Safe keeping: Protecting your patient files

Is your patient’s health data secure?
Ching Mac
May 01, 2018
Written by Ching Mac
Safe keeping: Protecting your patient files
Photo: Fotolia
In 2017, headlines from across the world showcased hackers targeting multinational corporations, government agencies and charities, among other organizations. As executive leaders recognize the impact of cyberattacks, more organizations are prioritizing security.

TARGETING HEALTH CARE
While organizations that collect private data – for example, credit card information or home addresses – have been hit hard, a top-targeted industry for cyberattacks is health care. Hospitals, doctors’ offices and other clinics are at risk of an attack because most systems contain electronic health records (EHRs) full of valuable data, such as social security numbers, birth dates, and billing and health information. Health care organizations are most likely to pay ransom because the compromised data is time-sensitive and can damage their reputation.

Most hospitals have dedicated IT security staff, but primary care clinics often don’t have the same sophisticated IT infrastructure in place to prevent, detect and respond to breaches. Yet after a string of attacks, it’s clear security must be everyone’s business, at every endpoint.

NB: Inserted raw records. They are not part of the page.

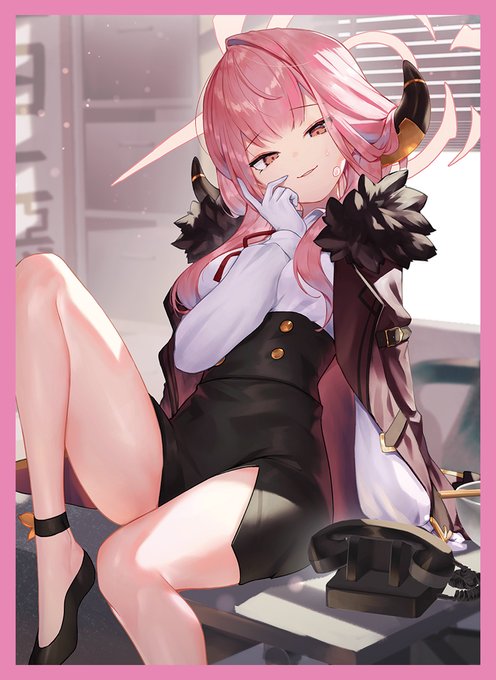 【フォロー&リツイートキャンペーン】
白詰草のアカウントをフォローして頂き、合わせてこのツイートをリツイートして頂いた方の中から1名様に、エアコミケにて頒布予定のスコッティ様(@Sco_ttie)の新作スリーブとプレイマットをプレゼント致します!締め切りは5月4日までです。 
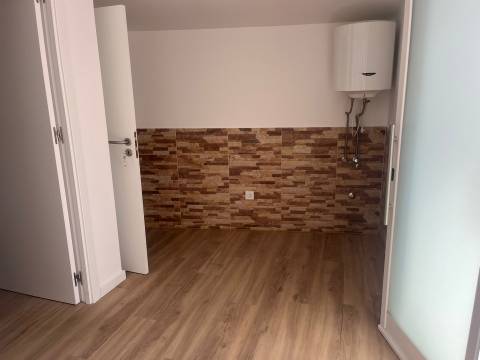 Moradia V1 Totalmente Reabilitada em Rio Tinto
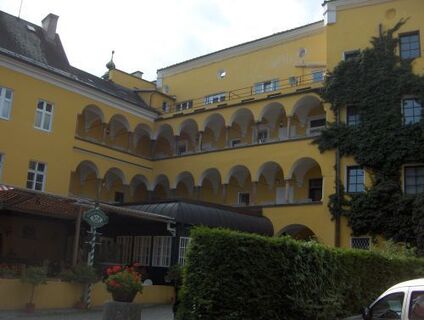 Innenhof Schloss Eggendorf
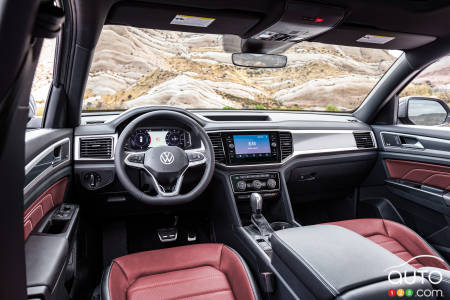Volkswagen Atlas Cross Sport 2020, volant, tableau de bord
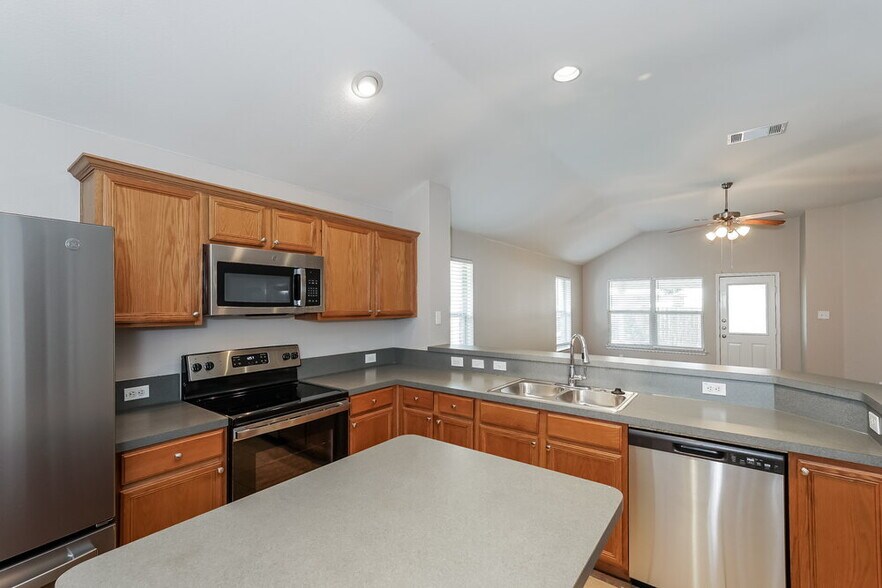 Building Photo - 7617 Rainbow Creek Dr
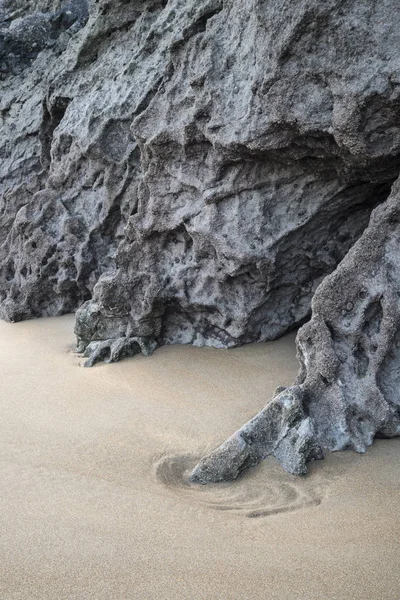 Intim táj kép a sziklák és homok Broadhaven strandon én — Stock Fotó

This is complicated by the nature of the health care industry today: clinicians and health care staff are highly mobile, and a typical day means going from patient room to patient room, and from one specialization to the next. This extends outside the hospital itself since information is needed from remote locations like home offices. The data contained in EHRs often follows a long care journey – from primary care physicians, to hospitals, to specialist offices such as chiropractors – with many opportunities for tampering. So, while EHRs have enhanced the digitization required for health care, having digitized data can bring new challenges of its own.

An array of new internet-connected medical devices pose additional challenges for health care providers because they are easily hackable and can put patients at risk. Without shying away from adopting new technology, while also keeping patient information safe and making privacy a priority, what can health clinics do to secure their patient’s health data?

YOUR DIGITAL WORKSPACE
Creating a secure digital workspace ensures medical professionals get the benefits of mobility without the vulnerability. And, while completely eliminating risk is never possible, there are ways companies can manage risk in smart, secure ways.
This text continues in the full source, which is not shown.